THE PROBLEM
Below are some records; print every one of them exactly.

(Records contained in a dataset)
-*-*-

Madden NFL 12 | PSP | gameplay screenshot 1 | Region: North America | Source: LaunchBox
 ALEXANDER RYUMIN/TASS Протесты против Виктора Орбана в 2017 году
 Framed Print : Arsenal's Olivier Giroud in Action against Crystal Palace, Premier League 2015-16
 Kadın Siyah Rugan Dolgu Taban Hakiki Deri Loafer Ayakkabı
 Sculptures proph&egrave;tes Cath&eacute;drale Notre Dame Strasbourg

-*-*-

ANSWER AREA
Madden NFL 12 | PSP | gameplay screenshot 1 | Region: North America | Source: LaunchBox
 ALEXANDER RYUMIN/TASS Протесты против Виктора Орбана в 2017 году
 Framed Print : Arsenal's Olivier Giroud in Action against Crystal Palace, Premier League 2015-16
 Kadın Siyah Rugan Dolgu Taban Hakiki Deri Loafer Ayakkabı
 Sculptures proph&egrave;tes Cath&eacute;drale Notre Dame Strasbourg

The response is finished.